Honouring educational success in Shuswap communities

Students, instructors and mentors were celebrated last week at an Honouring the Journey event at Sugarcane.

Students, instructors and mentors were celebrated last week at an Honouring the Journey event at Sugarcane, representing a partnership between the Northern Shuswap Tribal Council (NSTC) and Thompson Rivers University, and hosted by the Williams Lake Indian Band.

A total of 75 students completed the Shuswap language, Microsoft computer certificate and university prep programs, offered in conjunction with TRU and Simon Fraser University.

These students were honoured at the event, as well as 14 residents who participated in the Shuswap learning program, which was a partnership between NSTC and the City of Williams Lake.

Also acknowledged at the ceremony were the Cariboo Chilcotin Aboriginal Training Employment Centre Society (CDATEC) early childhood education students, as well as mentors, instructors and education workers.

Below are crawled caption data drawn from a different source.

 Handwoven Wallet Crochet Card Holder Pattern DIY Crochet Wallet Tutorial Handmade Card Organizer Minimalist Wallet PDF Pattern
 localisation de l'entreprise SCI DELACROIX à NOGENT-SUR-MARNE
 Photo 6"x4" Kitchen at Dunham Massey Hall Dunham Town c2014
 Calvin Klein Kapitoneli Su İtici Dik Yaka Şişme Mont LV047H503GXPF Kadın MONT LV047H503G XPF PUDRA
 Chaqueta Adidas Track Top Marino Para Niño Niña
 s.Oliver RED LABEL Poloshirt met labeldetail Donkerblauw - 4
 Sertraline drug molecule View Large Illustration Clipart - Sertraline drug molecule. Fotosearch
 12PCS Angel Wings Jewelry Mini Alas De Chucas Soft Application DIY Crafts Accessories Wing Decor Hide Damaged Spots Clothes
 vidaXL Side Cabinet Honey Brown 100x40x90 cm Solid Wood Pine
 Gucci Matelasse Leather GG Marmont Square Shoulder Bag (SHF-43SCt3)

Present at the event were leaders and representatives from the Northern Shuswap Tribal Council, Spi7uy Language and Culture Society, Thompson Rivers University, Williams Lake Indian Band and School District 27.   Virginia Gilbert and the Alkali Lake drummers and singers shared a welcoming song with the audience, and Lennard Supernault from Sugarcane performed a thank you song.

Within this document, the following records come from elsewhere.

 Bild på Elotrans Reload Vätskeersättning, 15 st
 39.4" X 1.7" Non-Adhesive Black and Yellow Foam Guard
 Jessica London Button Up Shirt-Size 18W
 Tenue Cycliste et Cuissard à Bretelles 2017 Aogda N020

MCs for the day were Phyllis Webstad and Irene Gilbert, with Jean William providing a prayer. Lunch was catered by True Food Services.

Williams Lake Indian Band Councillor and education manager Heather Mackenzie stated how much the band appreciates their partnerships with organizations like TRU.

“I define myself as a champion of education and I take it very seriously,” Mackenzie said. “I personally wish every student every success in their educational pursuits.”

A special thank you was given to Julie Browser from Continuing Studies at TRU for her tireless and determined support of students from Shuswap communities.

“I want to say a special thank you to Ray Sanders from TRU for developing courses that reflect and respect our First Nations culture,” said NSTC executive director Yvonne Smith. “It’s important that we continue to work together to support cultural diversity and mutual respect.”

TRU director Ray  Sanders said that, with all the partnerships on campus at TRU Williams Lake, the most important is entering the current agreement with NSTC.

“We’re in the people-changing business,” he explained. “Helping people have better lives.

“Education is power and we’ll continue to grow in our efforts to support this agreement. This is only the beginning.”

Northern Shuswap Tribal Council Chair Chief Mike Archie said: “Growing up in our culture we have a lot of trials and tribulations. It’s important to develop and study our language.

Our language identifies us as a people. Our numbers of graduating studies is growing. It is good to take time to acknowledge their accomplishments.”